Pure gas permeability coefficients of CH4, N2, O2, CO2, and H2 are reported for thermally rearranged (TR) polymers derived from polyimides based on 3,3′-dihydroxy-4,4′-diamino-biphenyl and 2,2′-bis-(3,4-dicarboxyphenyl) hexafluoropropane dianhydride (HAB-6FDA). These HAB-6FDA polymers were prepared with hydroxyl, acetate, propanoate, and pivalate groups in the ortho-position to the imide ring. Polymers with acetate ortho-position groups were synthesized via either thermal or chemical imidization.

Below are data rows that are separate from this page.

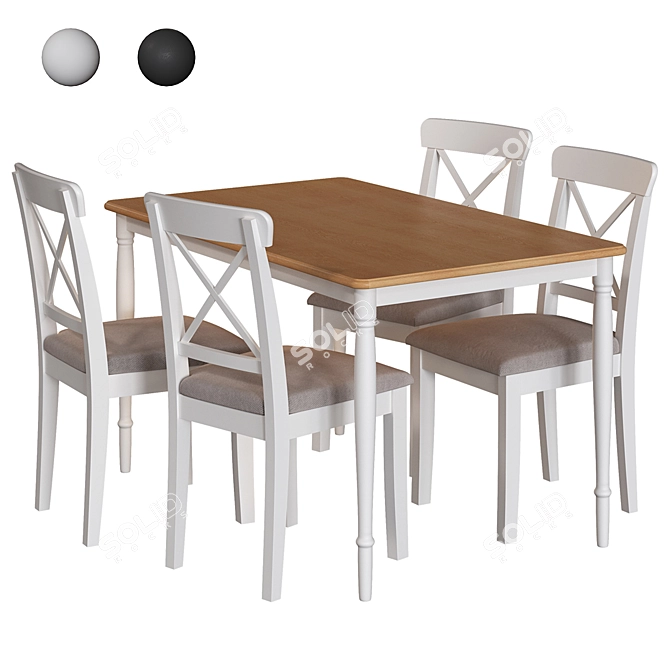 Modern Black and White Ikea Table and Chair Set 3D model image 9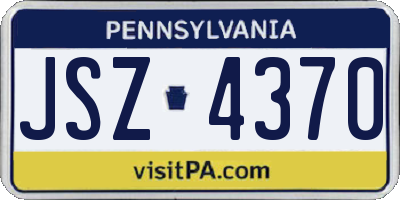 PA license plate JSZ4370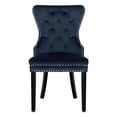 thumbnail image 3 of WestinTrends Wordford Velvet Dining Chairs Set of 4, Wingback Upholstered Button Tufted Dining Room Chairs with Pull Ring, Navy Blue, 3 of 11
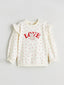 LCW Baby Crew Neck Ruffle Detail Baby Girls Sweatshirt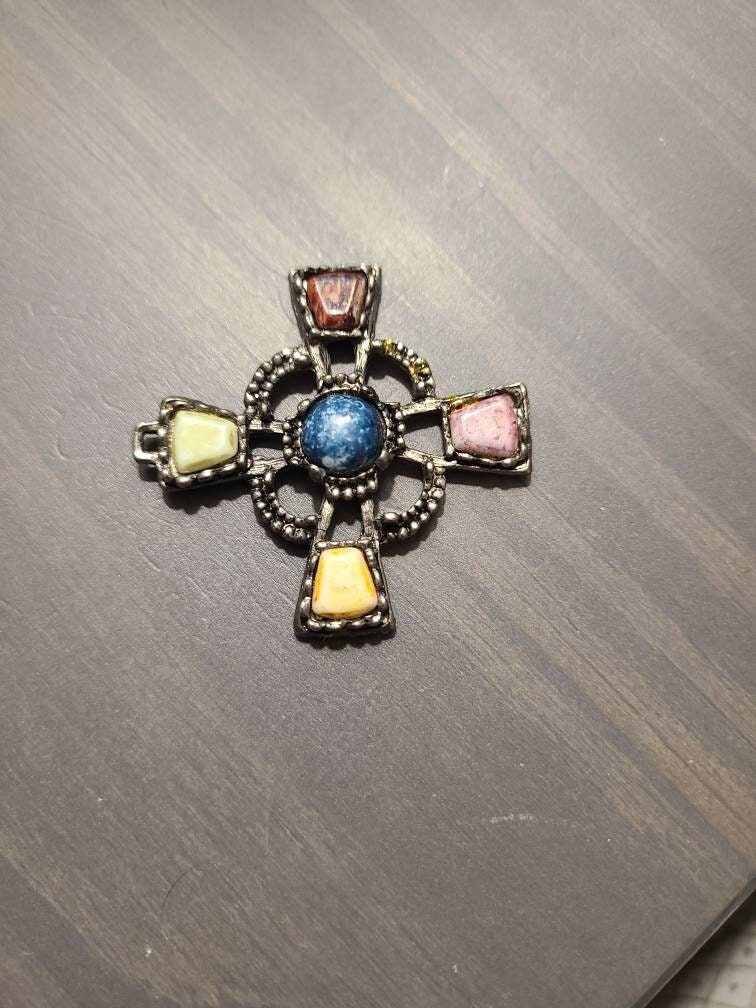 Unique vintage silver tone cross pendant,  old artisan necklace pendant, celtic style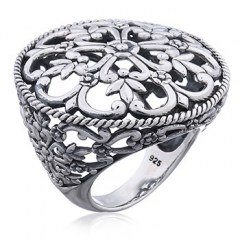 Floral Openwork Statement Silver Ring by BeYindi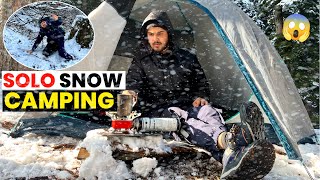 Solo Camping In Snowy Forest | Snow Camping And ASMR Cooking In India | Camping Trip |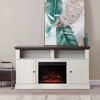 Eliana Fireplace Remote Control TV Stand for TVs up to 65" Dark Oak/White - Teamson Home: Farmhouse Style, Media Console with Storage - 3 of 4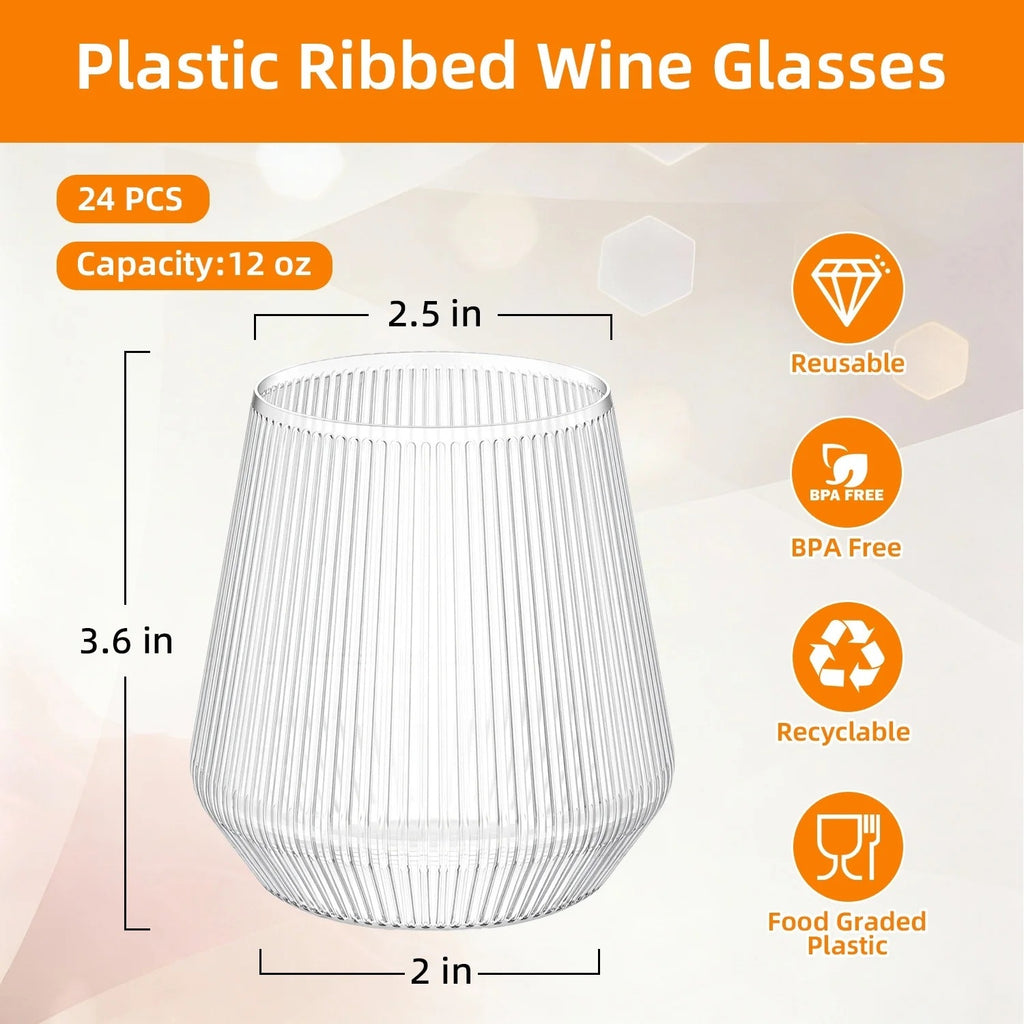 BRAND NEW ~ Set/24 Stemless 12 Oz Clear Ribbed Plastic Reusable Wine Glasses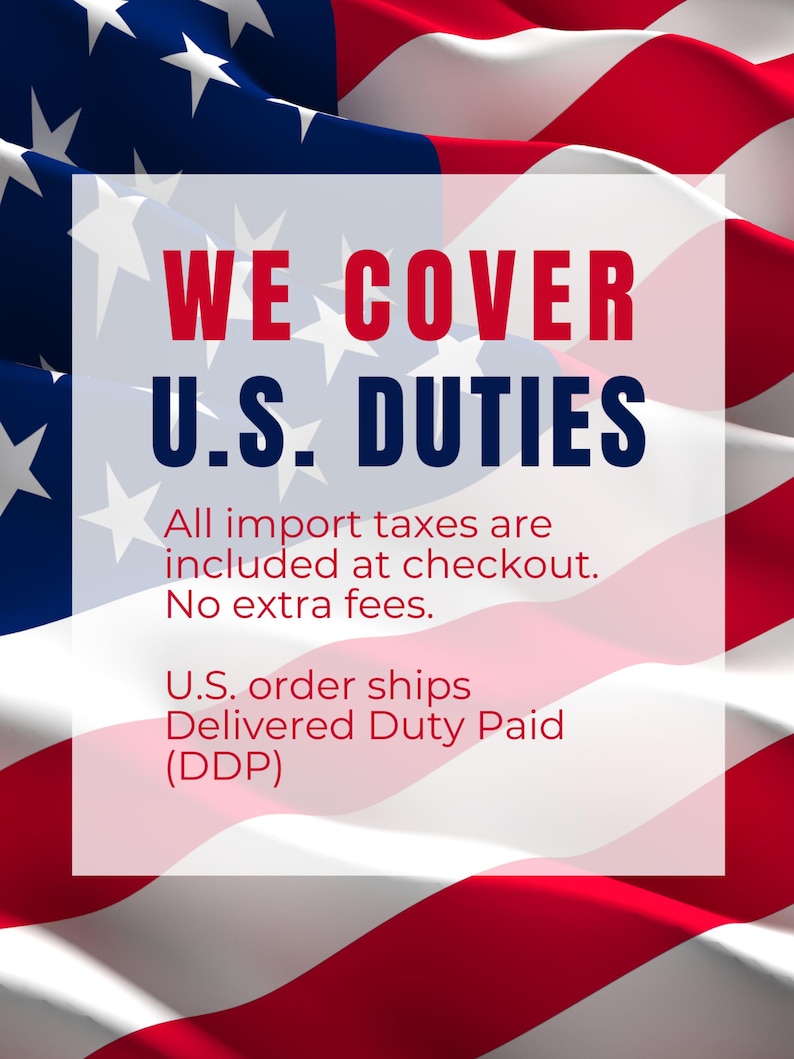 Glowinslow banner: We cover US duties, import taxes included at checkout, US orders ship Delivered Duty Paid, on a US flag background
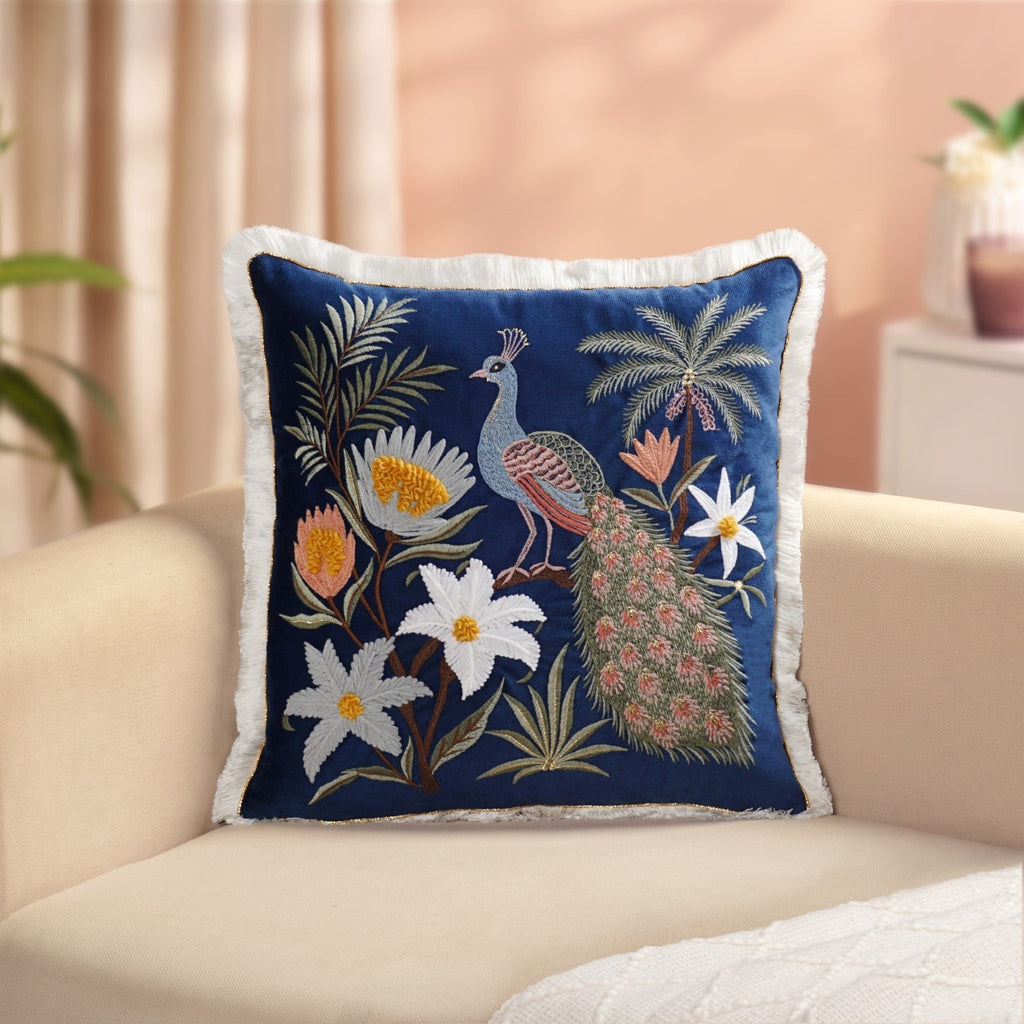 Embroidered Peacock Peonies Cushion Cover 40x40cm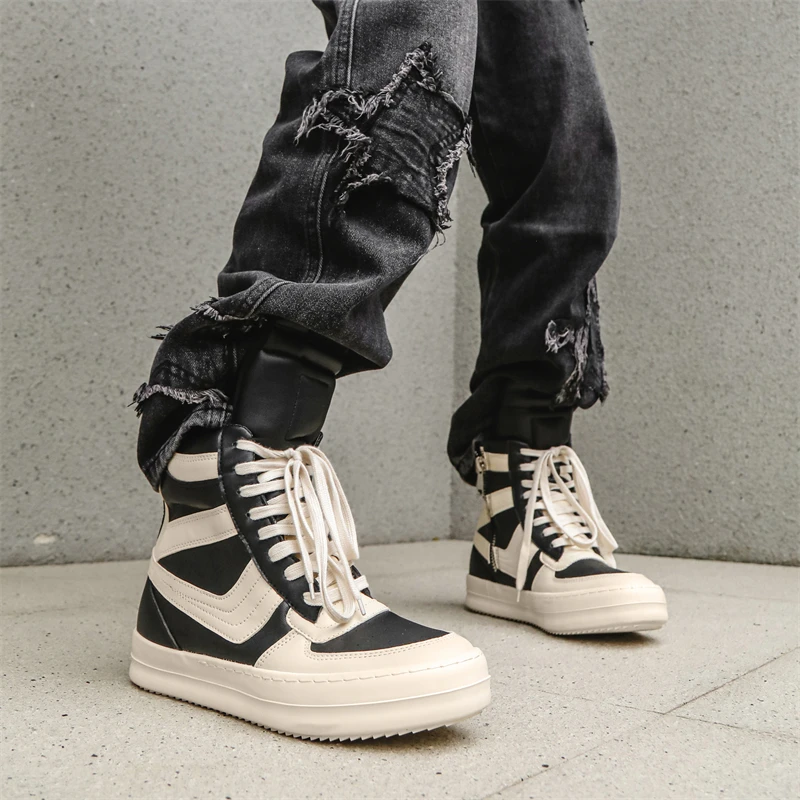

High-Top Men's Shoes: Chunky-Soled Ankle Boots Design - New Fall/Winter Styles Height-Enhancing Casual Sneakers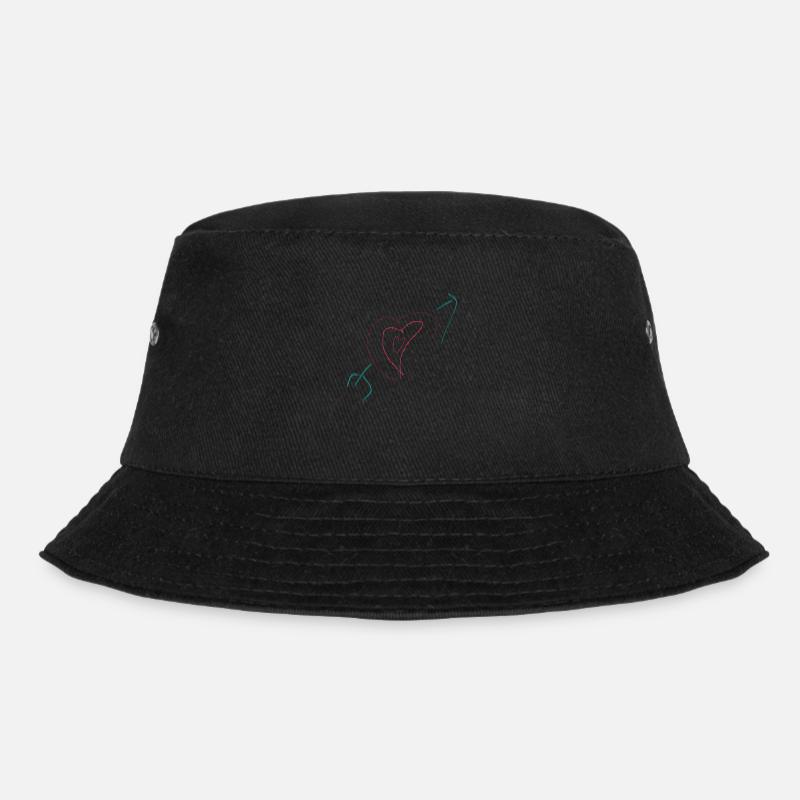 heart and arrow - Bucket Hat - black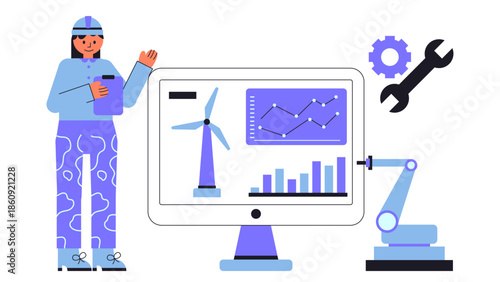 Flat vector illustration of a digital twin system enabling predictive maintenance for wind farms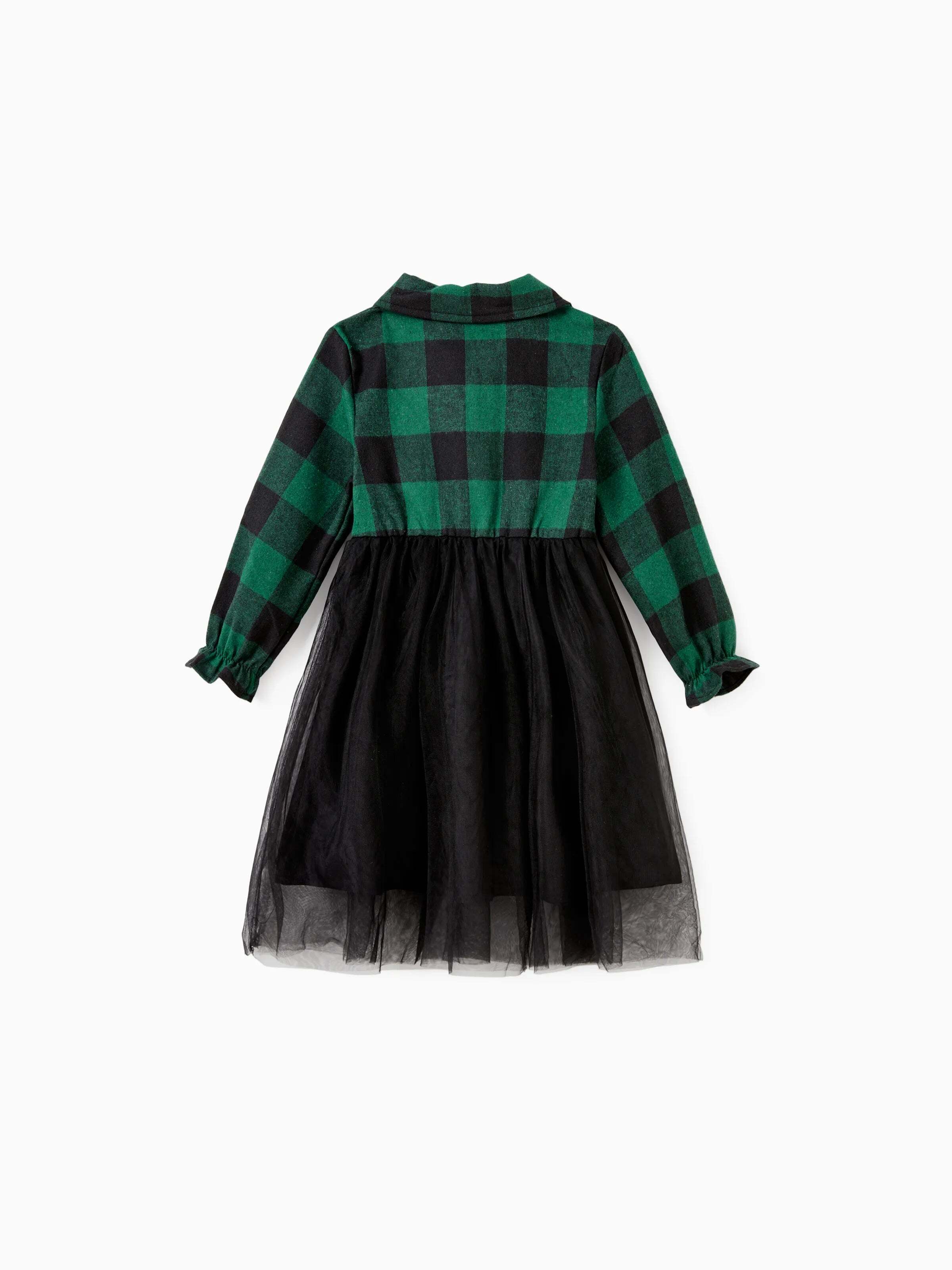 Family Matching Sets Green Plaid Long Sleeves Shirt or Tulle Mesh Dress DarkGreen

Pure gas permeability was approximately five times higher after rearrangement at 450°C in TR polymers from polyimides with acetate, propanoate, and pivalate ortho-position groups relative to TR polymers prepared from polyimides with hydroxyl ortho-position groups. In samples with non-hydroxyl ortho-position groups, those with larger ortho-position groups had higher gas permeability for TR conversions less than roughly 60%, but permeability increased to similar values as conversion exceeded 60%. In all samples, the CO2/CH4 selectivity also approached a similar value as TR conversion increased. Despite their higher permeability, fractional free volume was not significantly higher in TR polymers from polyimides bearing non-hydroxyl ortho-position groups than in samples with hydroxyl ortho-position groups. Therefore, average free volume alone cannot explain this behavior, suggesting that free volume distribution is likely affected by these groups. •Decouples effects of synthesis route and precursor pendant group on gas transport.•Compares the effect of several precursor pendant groups on TR polymer properties.•Examines permeability increases after rearrangement and FFV increases.